Stored data entries
____________
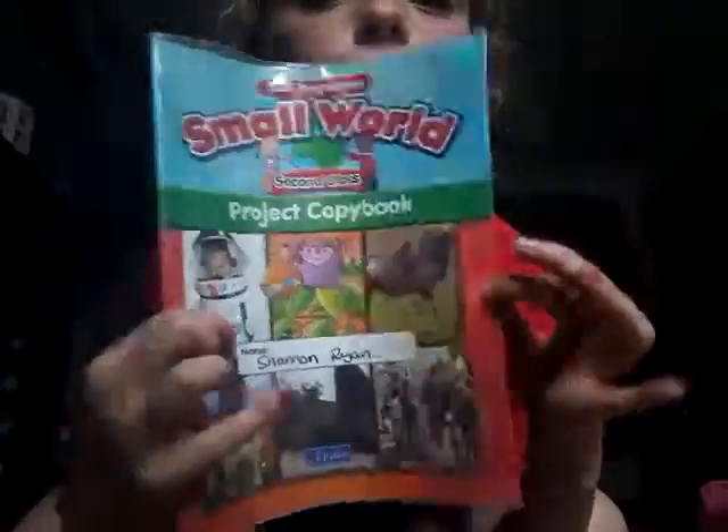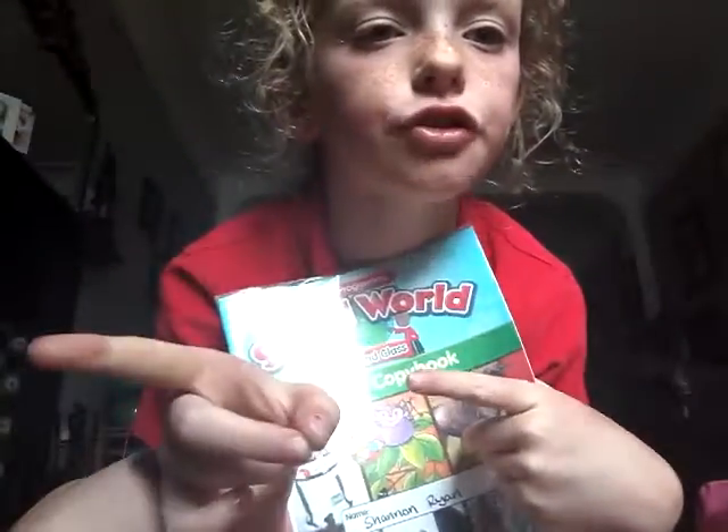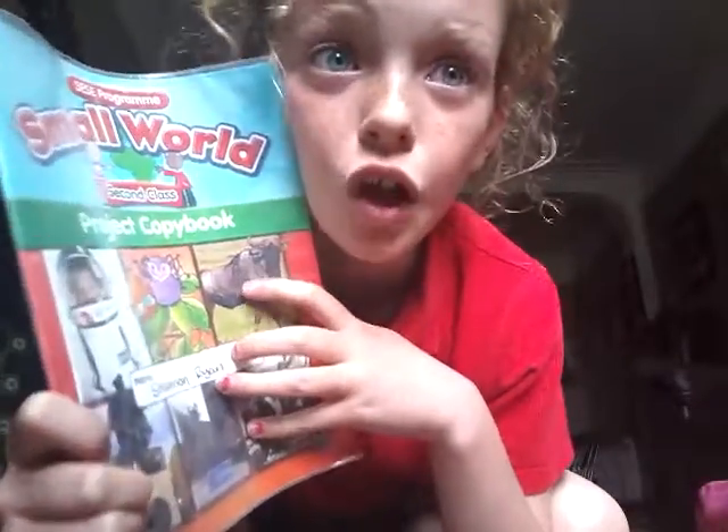Hey guys, it's me Ken and today we are going to be doing some magic tricks with a little bit of a feature of Miner X. Go check out his channel. We have done some magic tricks together and we have made them up together — some of them I made up, some of them he made up, some of them we both made up. We wrote them in this copy here. I'm just going to show you them. I'm not going to reveal the secret, but if you go check out Miner X's channel, he might show you the secret. Let's get on to the first one.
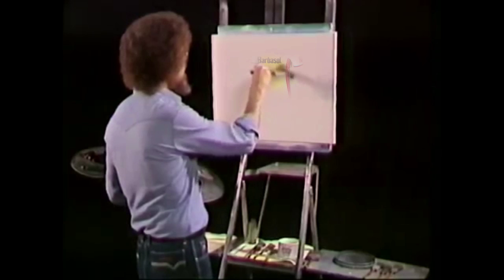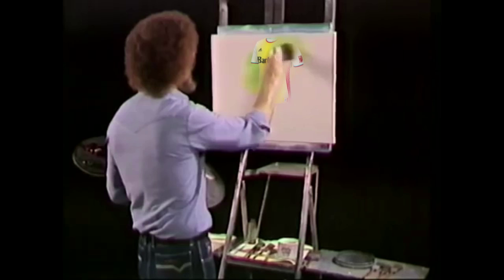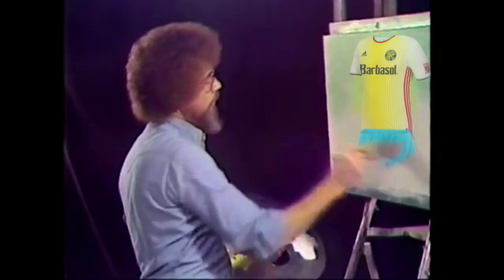So let's start right here with a little bit of cad yellow with just the least little touch of phthalo green in it. And we'll add a little bit more of the green color and we'll begin making little X's. This is your world, your creation. Now, without cleaning the brush, I'm gonna go right into some Prussian blue.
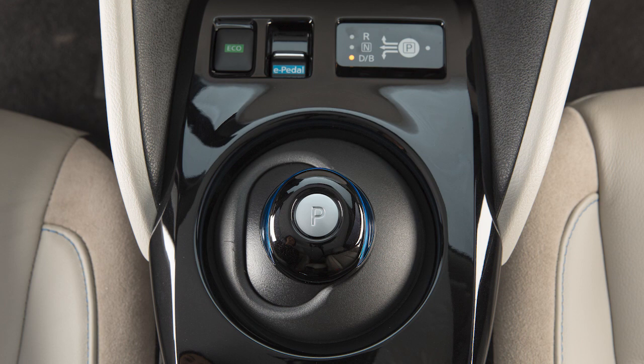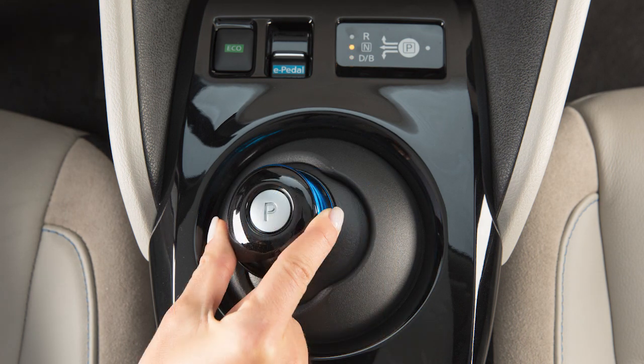If you wish the vehicle to be in neutral, slide the shift lever slightly to the side. After sliding, maintain the same position until the vehicle is placed in the neutral position, then release it.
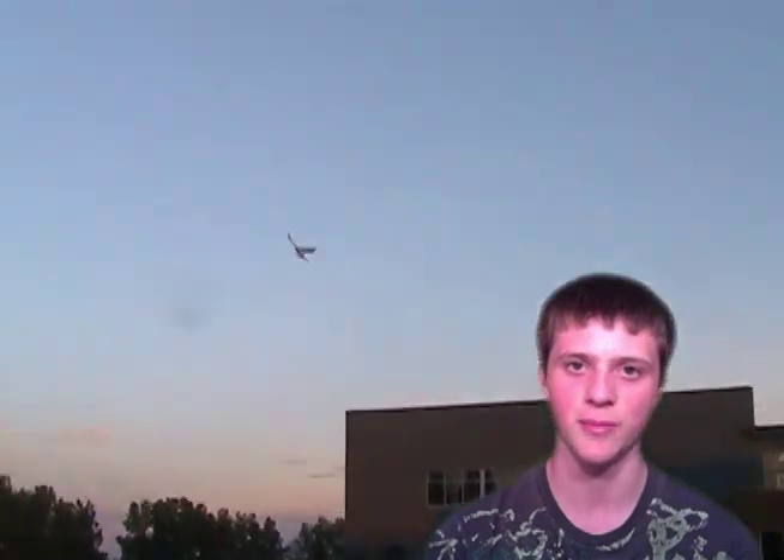This is the first attempt I made at building a portable RC camera plane, and it had three main issues. The first problem was that it wasn't stable enough, so to solve this on my new model, the wings have a bit of an angle to them, as you can see in the video, and also the wings are larger.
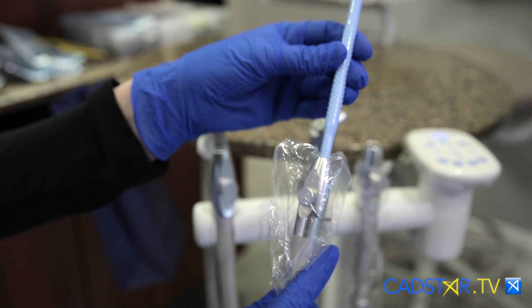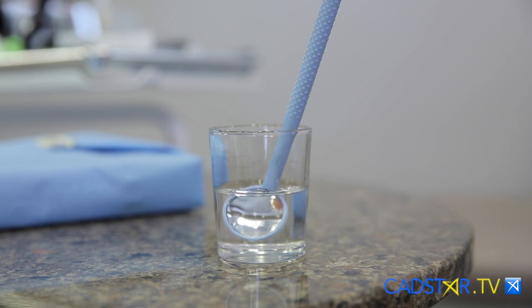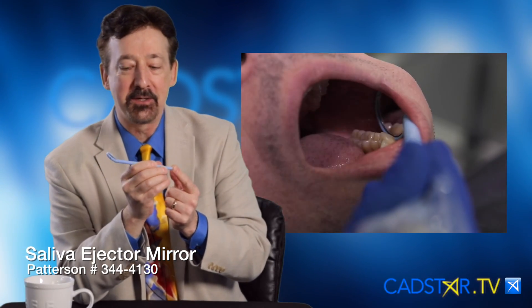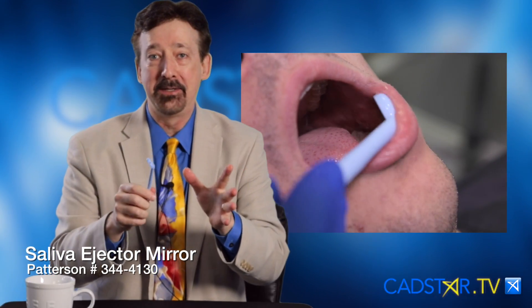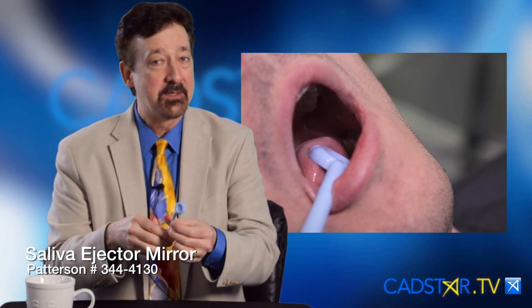The other thing that works really well is this mirror that hooks onto the suction. This mirror is a saliva ejector mirror. You attach it to your slow suction, and it's going to keep the saliva away from the teeth. It's the best way to go.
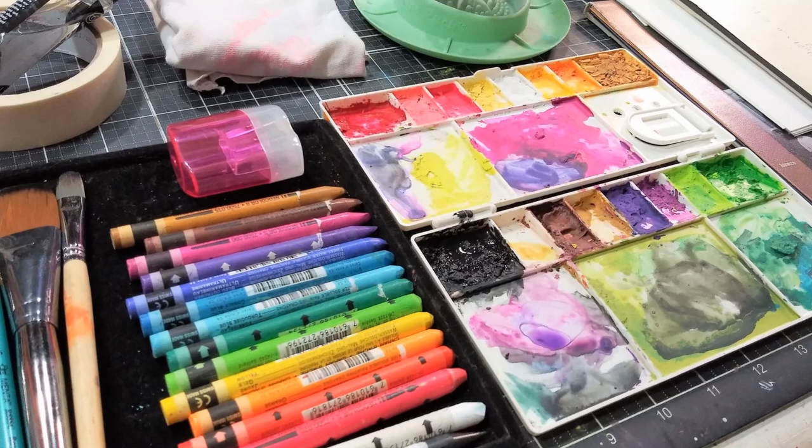Hello! Welcome to Watercolor Crayon Workshop. My name is Lindsay Wyrick and I am excited to take you on a watercolor crayon journey.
____________
What the task requires:
Lines from the one holding "So let's start" to the end of the data, both ends included, are to be given again exactly; no pictures belong in the copy.

Answer to this task:
So let's start right here with a little bit of cad yellow with just the least little touch of phthalo green in it. And we'll add a little bit more of the green color and we'll begin making little X's. This is your world, your creation. Now, without cleaning the brush, I'm gonna go right into some Prussian blue.
If you wish the vehicle to be in neutral, slide the shift lever slightly to the side. After sliding, maintain the same position until the vehicle is placed in the neutral position, then release it.
This is the first attempt I made at building a portable RC camera plane, and it had three main issues. The first problem was that it wasn't stable enough, so to solve this on my new model, the wings have a bit of an angle to them, as you can see in the video, and also the wings are larger.
The other thing that works really well is this mirror that hooks onto the suction. This mirror is a saliva ejector mirror. You attach it to your slow suction, and it's going to keep the saliva away from the teeth. It's the best way to go.
Hello! Welcome to Watercolor Crayon Workshop. My name is Lindsay Wyrick and I am excited to take you on a watercolor crayon journey.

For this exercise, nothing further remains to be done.